Even though he’d won two Olivier Awards for his work on the stage before the end of the 1980s, became the first person to play Hannibal Lecter – or Lecktor, in his case – in Michael Mann’s Manhunter, lent support in Mel Gibson’s Academy Award-winning Braveheart, antagonised Hugh Jackman’s Wolverine in an X-Men sequel, pissed off Matt Damon in The Bourne Supremacy, and scooped a Primetime Emmy as Hermann Göring in docudrama Nuremberg, it’s telling people to fuck off that ruined his life.
“One thing I have lost is my anonymity, which I prized,” he wistfully told the BBC. “It is a double-edged sword. The success, I am not going to knock it, but at the same time everybody knows who I am now. People would say, ‘You’re…?’. I loved the fact people didn’t know what to say because I had done so much variation. But now Logan Roy is it, as far as the general public is concerned.”
Cox put that very politely by his standards, compared to the way he ripped the likes of Johnny Depp, Quentin Tarantino, Joaquin Phoenix, and Edward Norton to shreds in his autobiography Putting the Rabbit in the Hat. Never let it be forgotten that he worked with Steven Seagal on the terrible 1996 buddy cop action flick The Glimmer Man, either, where the leading man made quite the impression.

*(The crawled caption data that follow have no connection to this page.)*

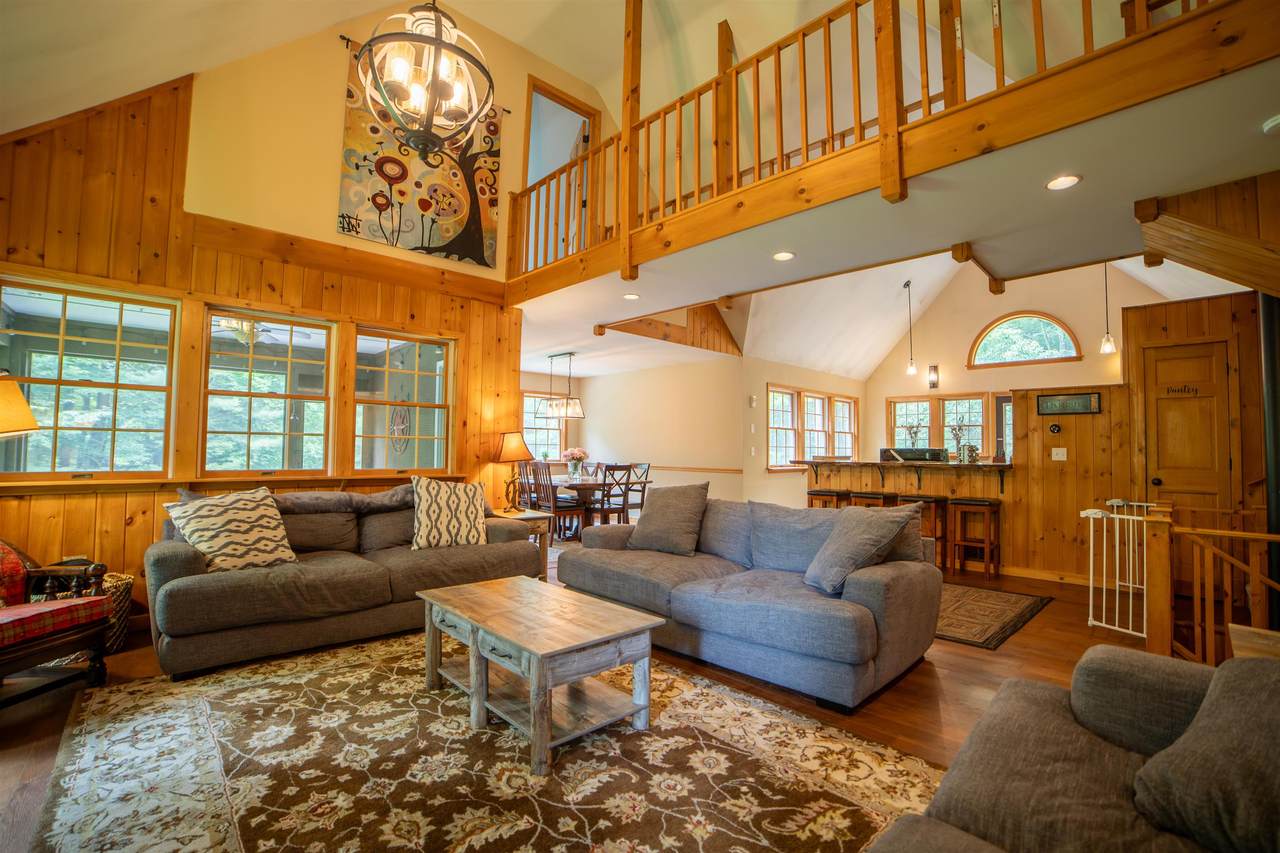 238 Hemlock Hill Road - Photo 1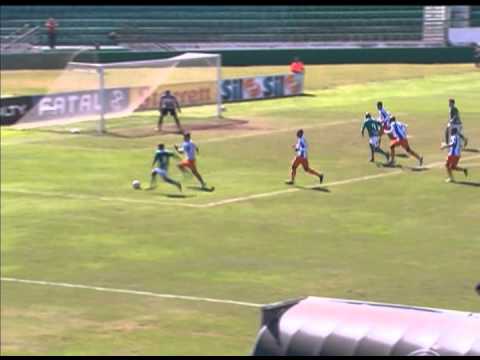 Baraúnas vence Santa Cruz fora de casa  -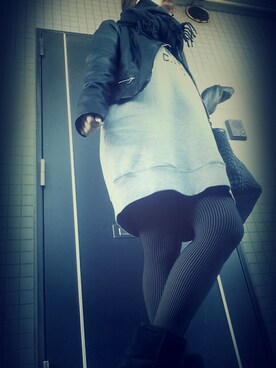 mkchiさんのコーディネート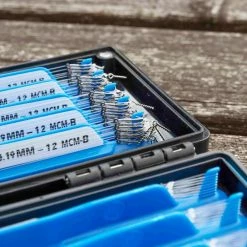 Wholesale ๐งจ Preston Mag Store Ready Rigs/Hooklengths MCM-B Hooks Match & Coarse ๐ 8 Preston Mag Store Ready Rigs/Hooklengths MCM-B Hooks Match & Coarse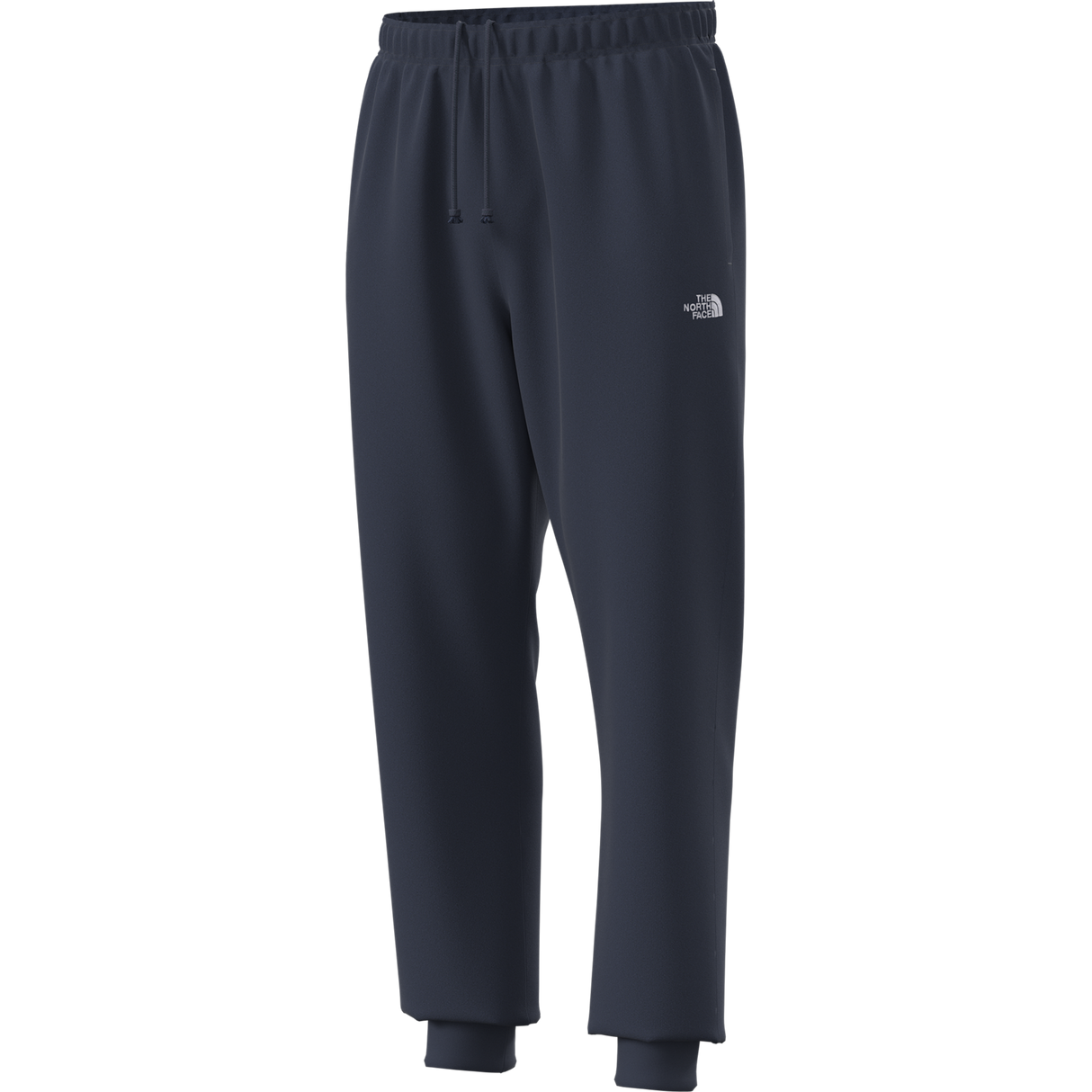 The North Face - Evolution Simple Dome Regular Jogger da uomo - SUMMIT NAVY - vista alternativa 12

Describing the aikido enthusiast as being “as ludicrous in real life as he appears on-screen,” Cox took aim at Seagal’s self-curated persona. “He radiates a studied serenity, although he’s on a higher plane to the rest of us. And while he’s certainly on a different plane, no doubt about that, it’s probably not a higher one.”
Echoing the belief of many people to have entered Seagal’s orbit over the years, the withering takedown continued, with Cox convinced he’s guilty of “thinking himself far more capable and talented than he actually is, oblivious to the fact that an army of people are helping to prop up his delusion.” There’s a lot of people in Hollywood who hate Seagal with varying degrees of passion and intensity, but few have been so eloquent about it.
Hardly revelatory to find out that somebody didn’t have a whale of a time working with him, then, but Cox’s character assassination is easily among the most verbose.